Werneck Miriam Bianchi de Frontin
Brazilian National Institute of Cancer (INCA), Oswaldo Cruz Institute, FIOCRUZ, Rio de Janeiro, RJ, Brazil.
Front Biosci (Schol Ed). 2012 Jun 1;4(4):1518-38. doi: 10.2741/s349.
It has been recently shown that within heterogeneous tumor masses a small population of less differentiated transformed cells has the ability to self-renew and regenerate the bulk of the tumor. Their similarities with normal stem cells in terms of gene expression patterns, proliferative capacity and surface markers rendered them the name of cancer stem-like cells (CSC), and these are thought to be the tumor initiating cells (TIC). Their limited susceptibility to classical anti-tumor therapy help explain the high incidence of cancer-treatment relapses observed in selected malignancies. Much effort is being directed towards the understanding of factors that maintain CSC survival and their self-renewal capacity, with the goal that these same signaling pathways can be harnessed for treatments that aim at inducing CSC differentiation. This review will discuss the CSC theory, its implications, potential signaling pathways responsible for maintaining their undifferentiated and pluripotent states, and new venues being explored to target these cells in modern cancer therapy.

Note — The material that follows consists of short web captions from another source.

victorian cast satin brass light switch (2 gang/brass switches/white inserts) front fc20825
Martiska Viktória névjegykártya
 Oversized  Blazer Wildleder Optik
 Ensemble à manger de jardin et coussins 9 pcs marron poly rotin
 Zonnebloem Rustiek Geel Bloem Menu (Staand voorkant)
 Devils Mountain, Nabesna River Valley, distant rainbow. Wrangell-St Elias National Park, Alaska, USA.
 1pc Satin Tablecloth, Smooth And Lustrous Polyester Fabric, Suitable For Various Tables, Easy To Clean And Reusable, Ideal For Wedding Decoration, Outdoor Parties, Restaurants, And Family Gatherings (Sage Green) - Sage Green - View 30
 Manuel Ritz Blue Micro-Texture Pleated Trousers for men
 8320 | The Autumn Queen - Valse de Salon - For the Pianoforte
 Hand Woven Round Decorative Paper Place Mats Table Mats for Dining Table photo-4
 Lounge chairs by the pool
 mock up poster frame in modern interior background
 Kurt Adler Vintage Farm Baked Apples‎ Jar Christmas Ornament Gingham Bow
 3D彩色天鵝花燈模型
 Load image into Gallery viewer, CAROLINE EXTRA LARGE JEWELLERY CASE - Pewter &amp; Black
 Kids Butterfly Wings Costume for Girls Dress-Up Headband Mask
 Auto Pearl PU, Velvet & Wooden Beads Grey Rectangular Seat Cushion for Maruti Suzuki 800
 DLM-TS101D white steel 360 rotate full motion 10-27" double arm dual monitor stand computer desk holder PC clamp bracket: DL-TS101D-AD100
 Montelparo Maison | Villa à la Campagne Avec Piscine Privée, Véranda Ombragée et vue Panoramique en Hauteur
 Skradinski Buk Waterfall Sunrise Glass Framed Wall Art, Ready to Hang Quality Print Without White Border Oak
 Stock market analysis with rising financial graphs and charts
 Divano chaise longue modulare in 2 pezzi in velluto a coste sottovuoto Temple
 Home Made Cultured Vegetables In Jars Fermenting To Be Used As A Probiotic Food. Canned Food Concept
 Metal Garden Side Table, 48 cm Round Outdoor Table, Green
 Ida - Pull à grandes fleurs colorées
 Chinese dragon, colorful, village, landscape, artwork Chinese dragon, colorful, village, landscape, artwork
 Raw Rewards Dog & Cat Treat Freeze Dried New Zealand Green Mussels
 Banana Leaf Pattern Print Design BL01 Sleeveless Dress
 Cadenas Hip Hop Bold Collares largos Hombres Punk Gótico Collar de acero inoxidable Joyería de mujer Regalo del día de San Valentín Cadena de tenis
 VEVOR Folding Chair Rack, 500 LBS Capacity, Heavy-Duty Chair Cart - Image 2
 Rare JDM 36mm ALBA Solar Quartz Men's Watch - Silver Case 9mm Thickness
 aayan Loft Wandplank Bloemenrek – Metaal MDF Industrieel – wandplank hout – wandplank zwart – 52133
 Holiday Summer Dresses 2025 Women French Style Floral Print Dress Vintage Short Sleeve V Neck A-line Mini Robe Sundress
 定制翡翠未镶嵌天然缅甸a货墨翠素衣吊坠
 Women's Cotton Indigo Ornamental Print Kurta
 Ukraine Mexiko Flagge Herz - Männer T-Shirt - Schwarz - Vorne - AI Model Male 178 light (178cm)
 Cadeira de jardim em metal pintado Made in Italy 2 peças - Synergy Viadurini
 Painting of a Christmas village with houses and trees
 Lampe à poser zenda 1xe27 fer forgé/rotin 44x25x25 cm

最近研究表明,在异质性肿瘤块中,一小部分低分化的转化细胞具有自我更新和再生大部分肿瘤的能力。它们在基因表达模式、增殖能力和表面标志物方面与正常干细胞相似,因此被命名为癌症干细胞样细胞(CSC),人们认为这些细胞就是肿瘤起始细胞(TIC)。它们对传统抗肿瘤治疗的敏感性有限,这有助于解释在某些恶性肿瘤中观察到的癌症治疗复发的高发生率。目前人们正致力于了解维持CSC存活及其自我更新能力的因素,目标是利用这些相同的信号通路进行旨在诱导CSC分化的治疗。本综述将讨论CSC理论、其意义、负责维持其未分化和多能状态的潜在信号通路,以及在现代癌症治疗中针对这些细胞探索的新途径。